Without any images, output the records below verbatim.

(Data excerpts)
■ ■ ■ ■
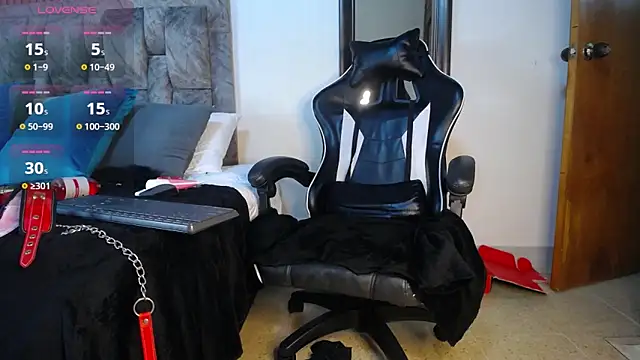 natasha steele online show from 03/15/25, 04:46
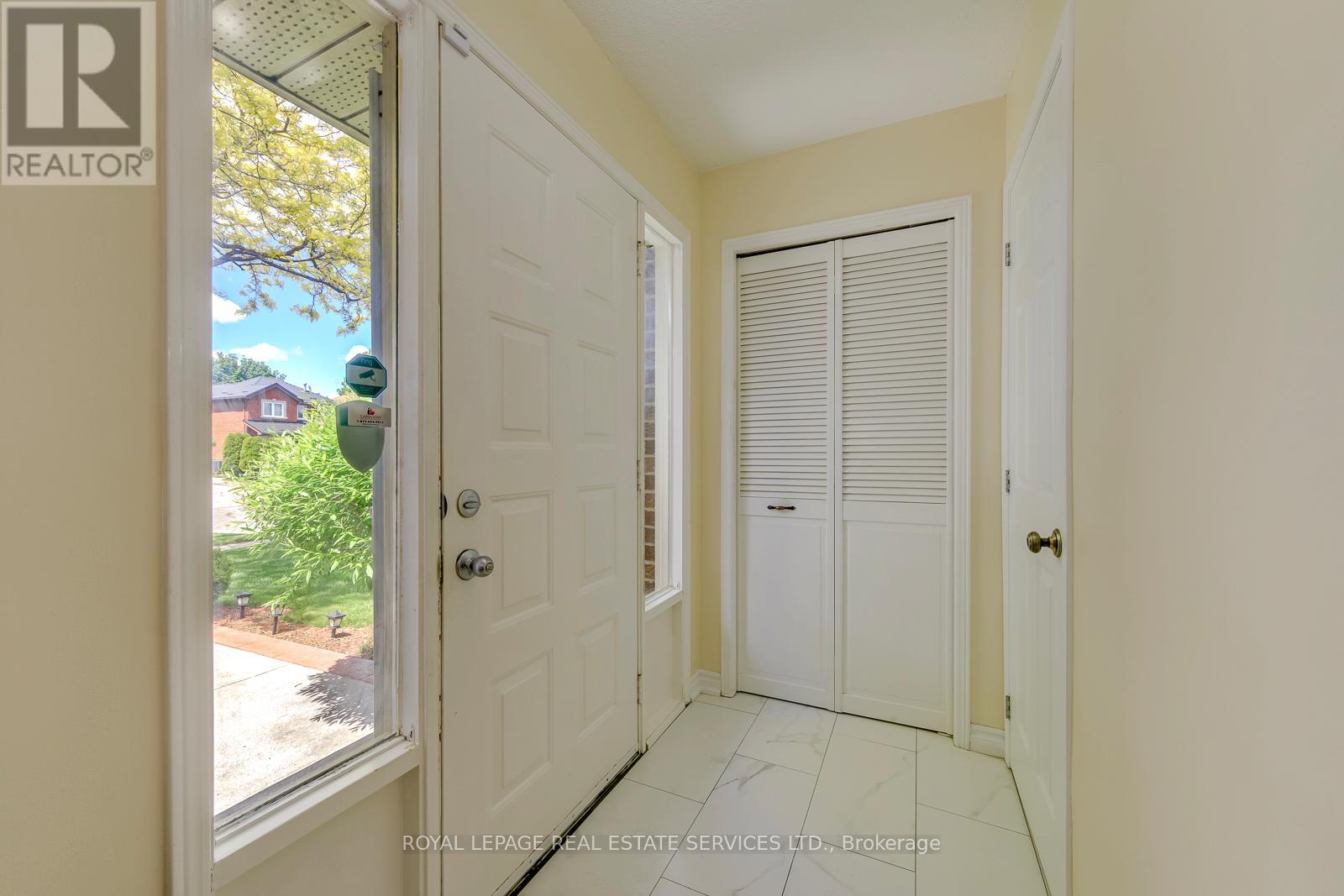 396 Laurentian Avenue, Mississauga, Ontario  L4Z 2J3 - Photo 3 - W13232638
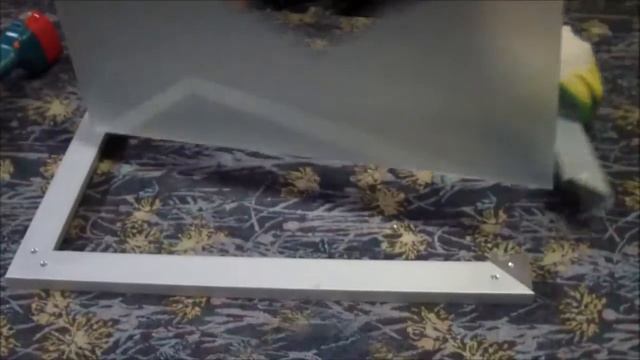 сборка фасада из рамочного алюминиевого профиля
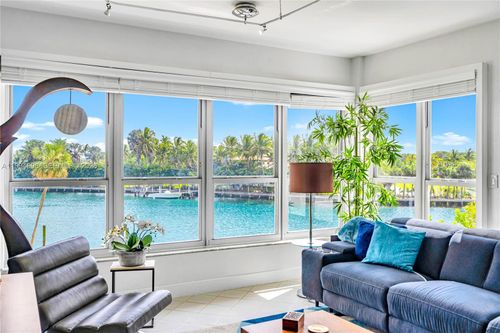 3-c-9102 W Bay Harbor Dr, Bay Harbor Islands, FL, 33154-3603 | Card Image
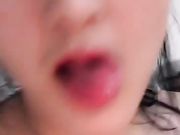 两个骚货一间房一个浴盆一张床直啤酒瓶子大茄子猛插浪逼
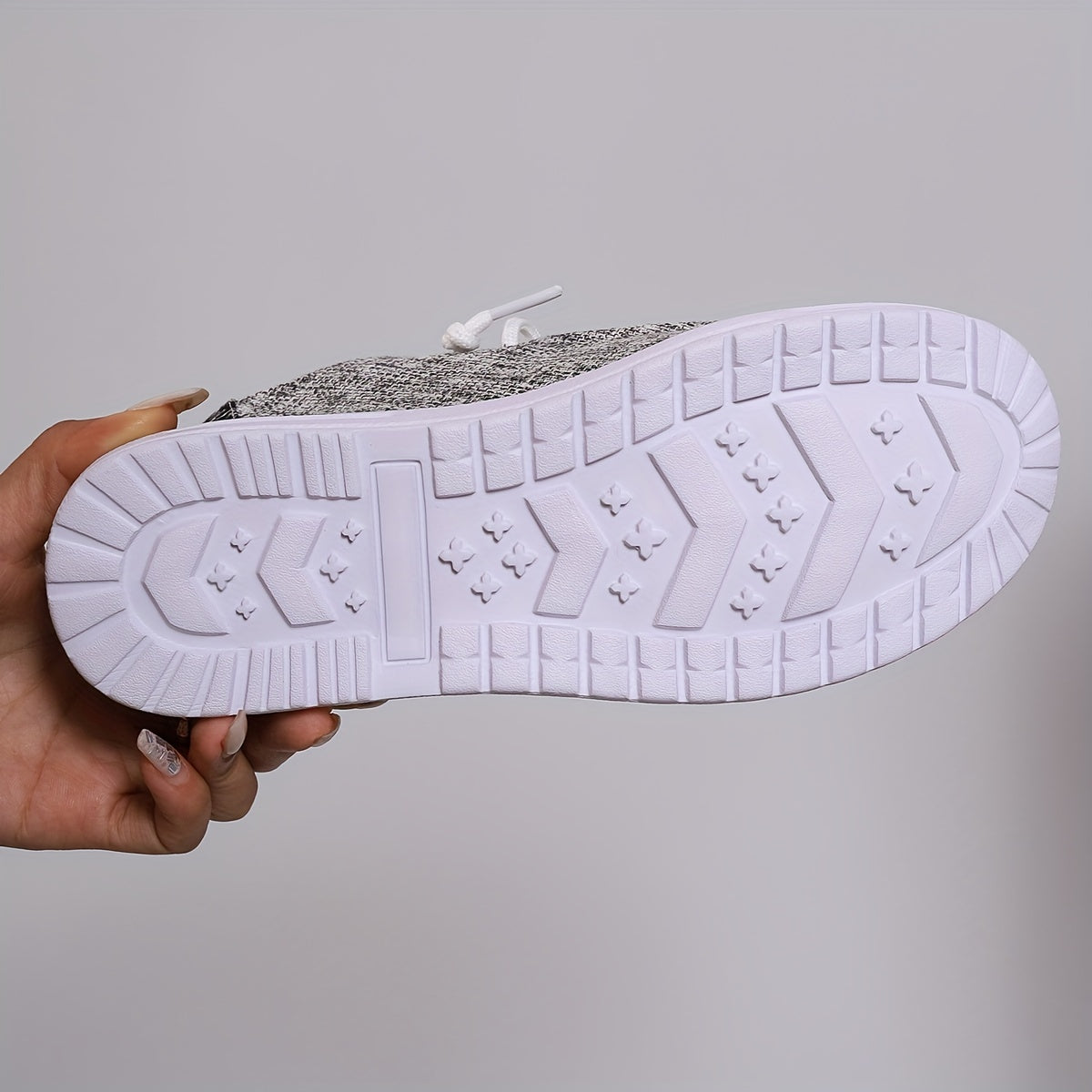 Women's Solid Low Top Sneakers Lightweight Casual Walking Shoes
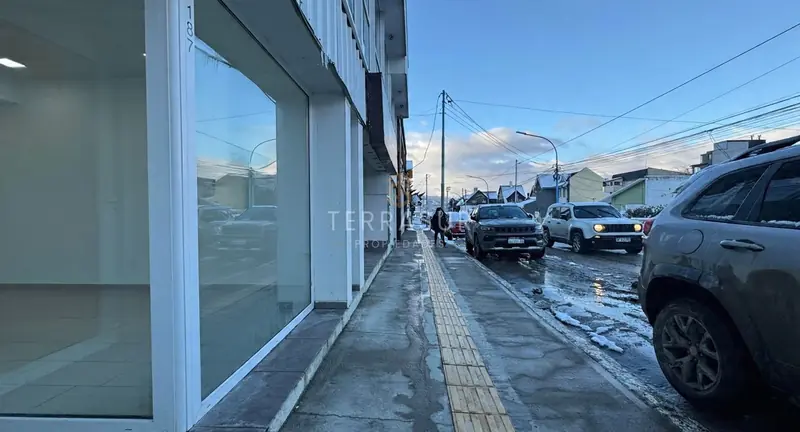 Local comercial en KUANIP 189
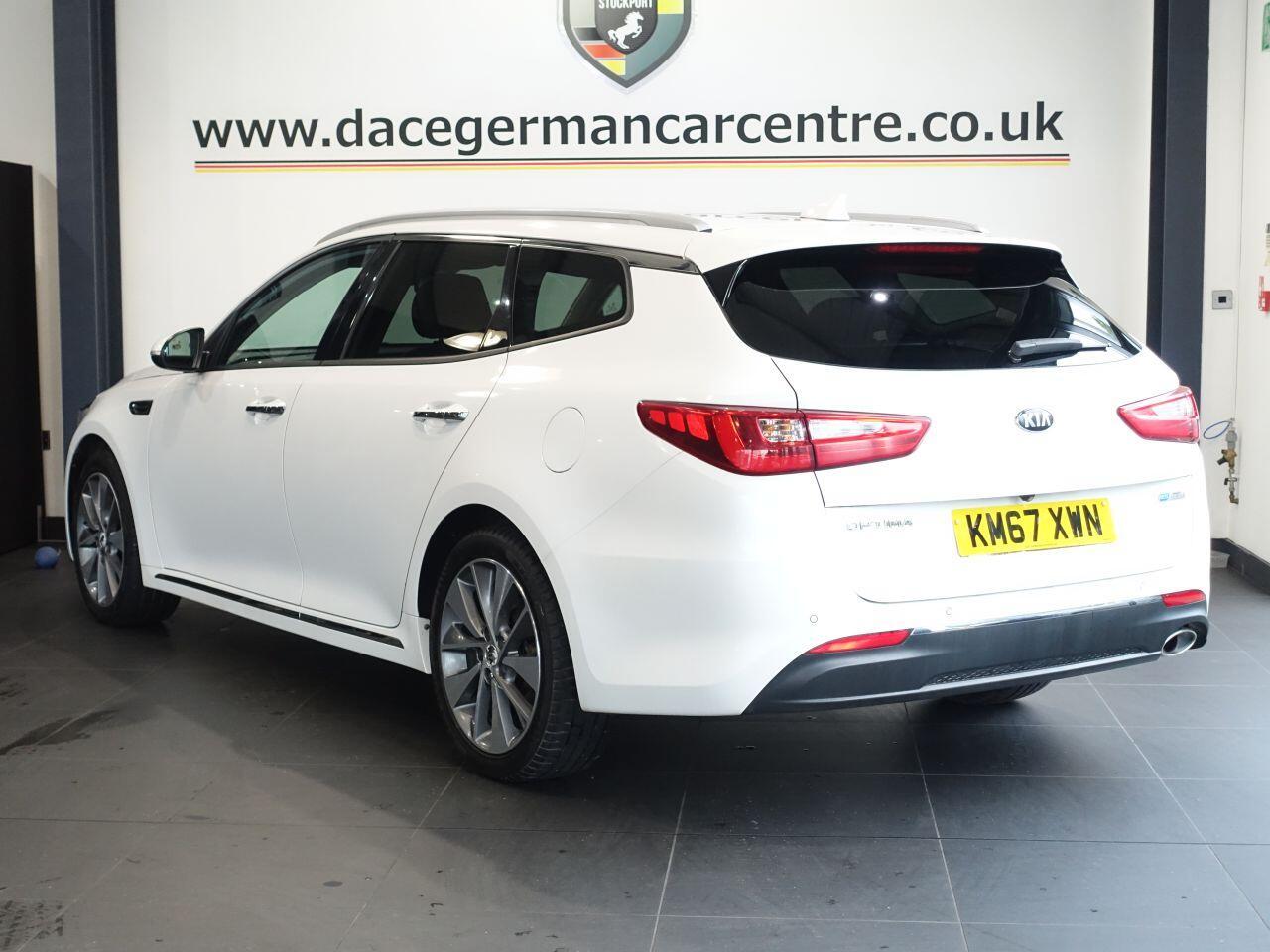 Kia Optima - Image 8
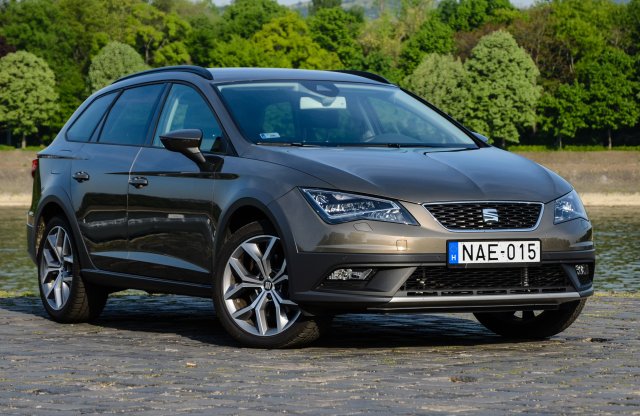 Sportos terepfutó – SEAT Leon X-Perience teszt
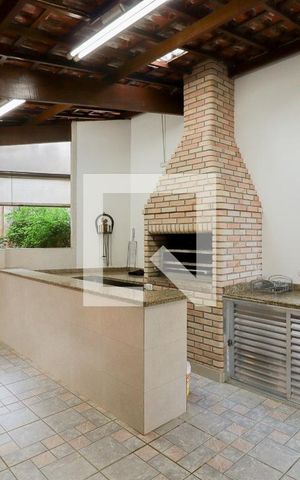 Apartamento à venda com 135m², 4 quartos e 2 vagasChurrasqueira
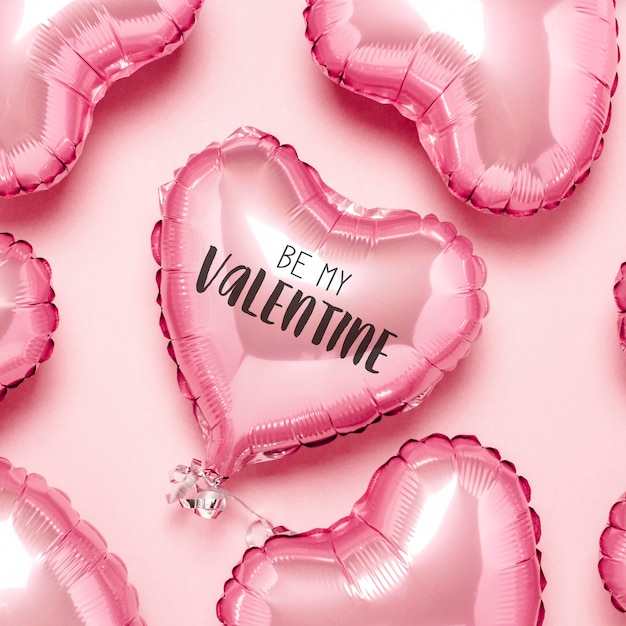 Mongolfiere rosa a forma di cuore su una superficie rosa. concetto per san valentino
■ ■ ■ ■
WRITTEN REPLY:
 natasha steele online show from 03/15/25, 04:46
 396 Laurentian Avenue, Mississauga, Ontario  L4Z 2J3 - Photo 3 - W13232638
 сборка фасада из рамочного алюминиевого профиля
 3-c-9102 W Bay Harbor Dr, Bay Harbor Islands, FL, 33154-3603 | Card Image
 两个骚货一间房一个浴盆一张床直啤酒瓶子大茄子猛插浪逼
 Women's Solid Low Top Sneakers Lightweight Casual Walking Shoes
 Local comercial en KUANIP 189
 Kia Optima - Image 8
 Sportos terepfutó – SEAT Leon X-Perience teszt
 Apartamento à venda com 135m², 4 quartos e 2 vagasChurrasqueira
 Mongolfiere rosa a forma di cuore su una superficie rosa. concetto per san valentino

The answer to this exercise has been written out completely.